EXERCISE: Write an exact copy of the entries below that leaves out all pictures.

SUPPLIED DATA:
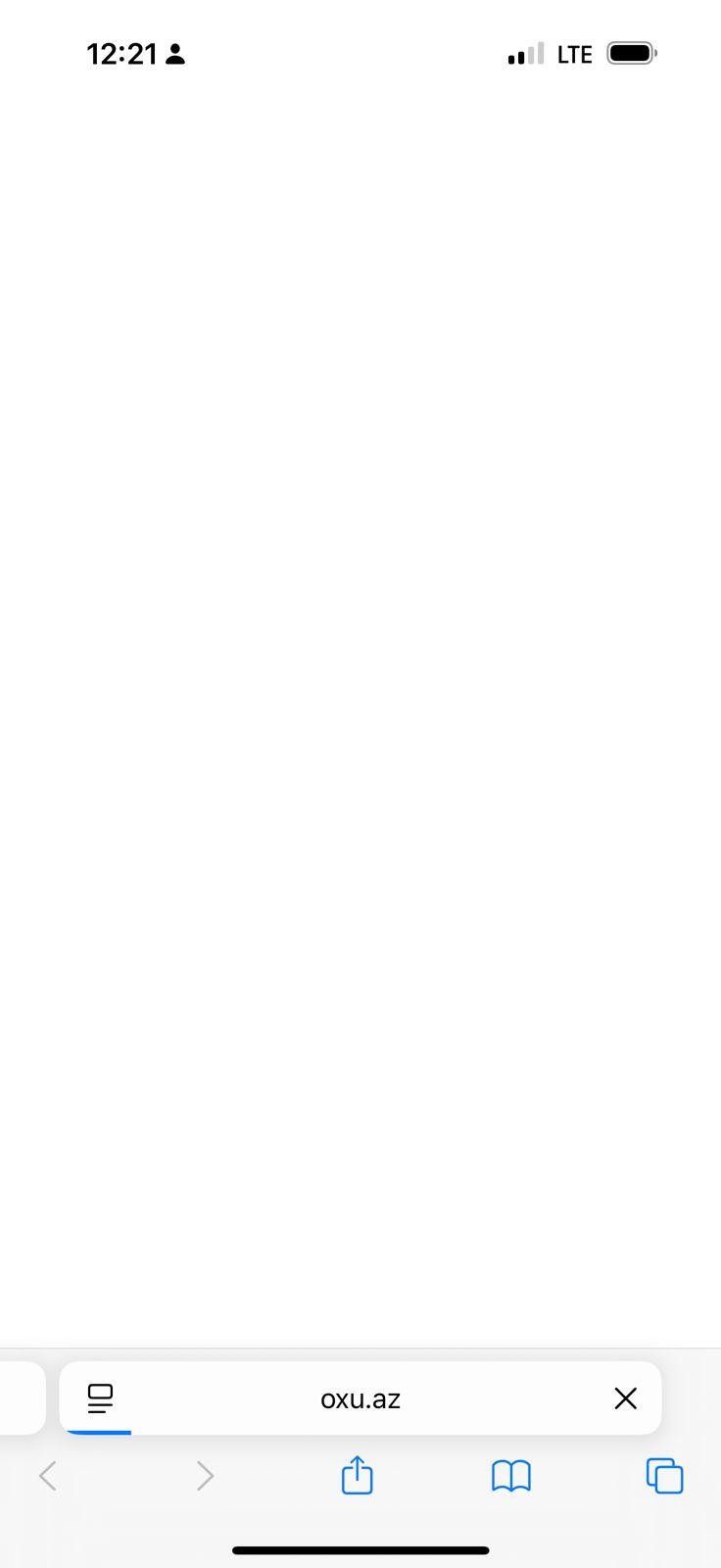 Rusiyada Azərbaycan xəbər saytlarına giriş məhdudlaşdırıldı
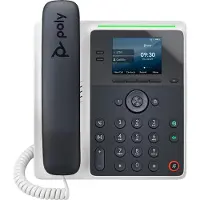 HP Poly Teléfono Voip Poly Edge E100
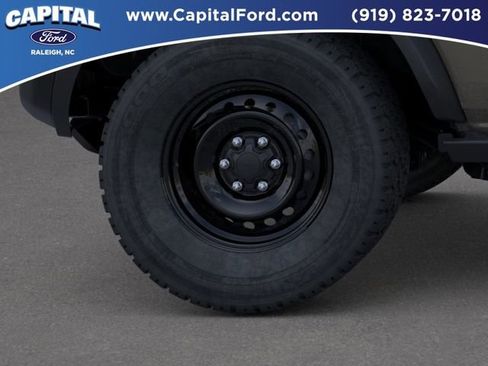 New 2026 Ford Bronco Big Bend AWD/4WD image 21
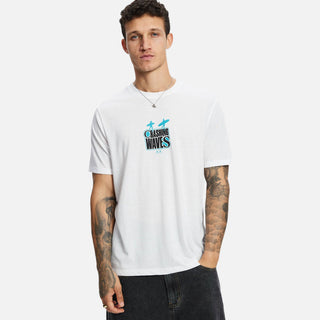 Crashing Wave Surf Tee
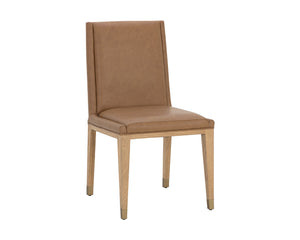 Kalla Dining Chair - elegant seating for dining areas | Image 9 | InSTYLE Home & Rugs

TASK RESPONSE:
 Rusiyada Azərbaycan xəbər saytlarına giriş məhdudlaşdırıldı
 HP Poly Teléfono Voip Poly Edge E100
 New 2026 Ford Bronco Big Bend AWD/4WD image 21
 Crashing Wave Surf Tee
 Kalla Dining Chair - elegant seating for dining areas | Image 9 | InSTYLE Home & Rugs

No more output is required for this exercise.